Hate doing dishes? This restaurant dishwasher cleans 500 a shift and says it’s her therapy

For most people, the pot and the assembly line must be washed first in the morning. For Sophia Velador, he runs the vegetable pit at Alder & Sage at Long Beach’s breakfast and lunch order, which is therapeutic.

An unwashed sink filled with the beginning of her workday. That’s how she’s making a living for the past decade. She had no other way.

Velador, 40, traveled over an hour to work on Alder & Sage’s head dishwasher from his home shared with his mother in Santa Ana.

Graphic handwritten text: Back of the house

series

The often overlooked story of restaurant staff making and serving our food.

Sometimes former colleagues who move to other restaurants will try to poach for her new institution.

“No, thank you,” she told them. “Where I’m good.”

For outsiders, the dishwasher job is a bottom summary of a restaurant, a creepy, tough and ultimately unwelcome job. But this can be said to be the most important role in catering venues.

Without a dishwasher, the plunge will stop and the restaurant will stop.

Washing dishes is often mistaken for easy admission to a job in a restaurant. But Kerstin Kansteiner, owner of Alder & Sage, said it was fast-paced hard work and needed to understand the parts of all the features in the restaurant – from craftsmanship to machinery.

“No one talks about these unsung heroes,” Cansteiner said. “Dishwashers are often overlooked, but we should all understand that they work with the front and back of the house and try to juggle everyone on the team – from chefs to servers to guests.”
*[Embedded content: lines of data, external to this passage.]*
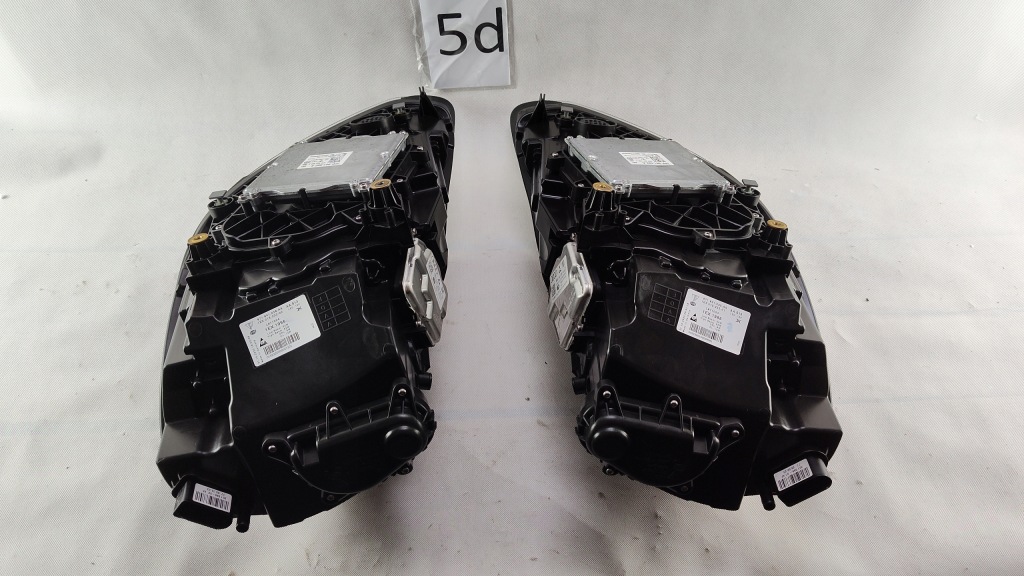 фото №12, Porsche panamera 971 full led лівий правий фара лампа ліва права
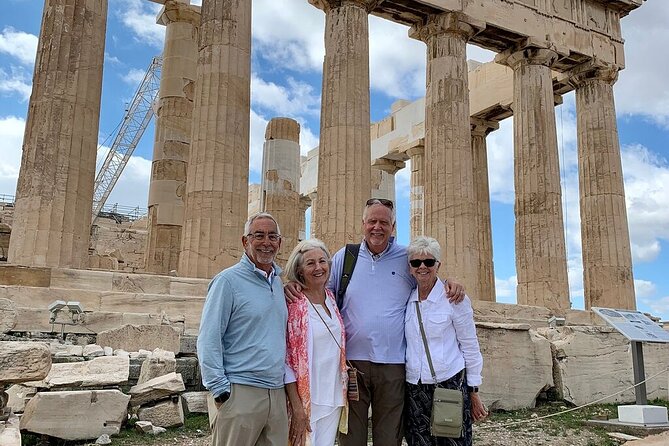 Half Day Athens Private Tailor-Made City Tour (Skip the line of Acropolis) - Why the Acropolis deserves most of your half-day
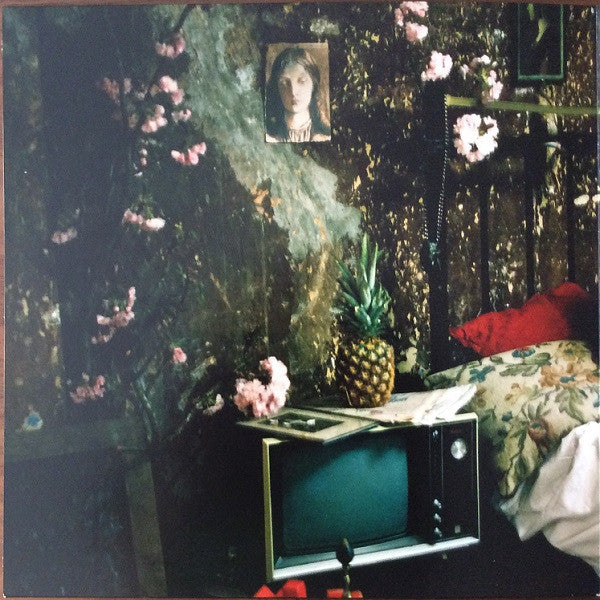 Lungs (BURGUNDY VINYL) | Mint (M) Mint (M)
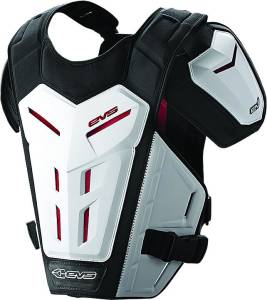 REVO 5 ROOST GUARD WHITE S/M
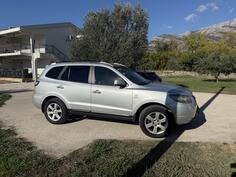 Hyundai - Santa Fe - 2.2CRDI 4x4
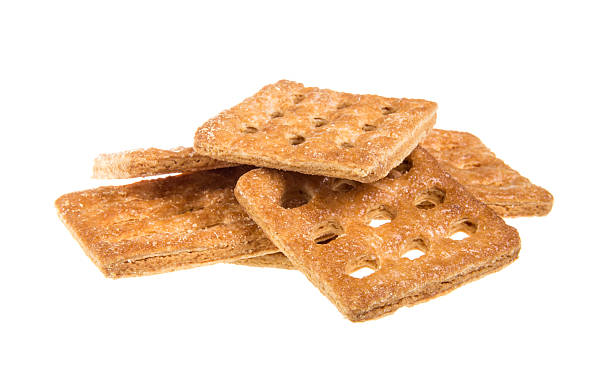 istock sweet cookies isolated on a white background 500379755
Back-home workers like Velador are the foundation of the catering industry. But they rarely receive honors that are usually reserved for chefs or owners. To identify one of these less obvious job requirements, we made a transformation on a recent Thursday.

6:55 am

Black, hair is pulled up in a black turban, lips are dyed bright red, lipstick is dyed bright red, Velador looks like a modern chicana version Rosie rivets. The earplugs of wire bounced around her neck as she walked quickly, taking the first bus around the corner of Euclid Street and West Katella Avenue in Anaheim.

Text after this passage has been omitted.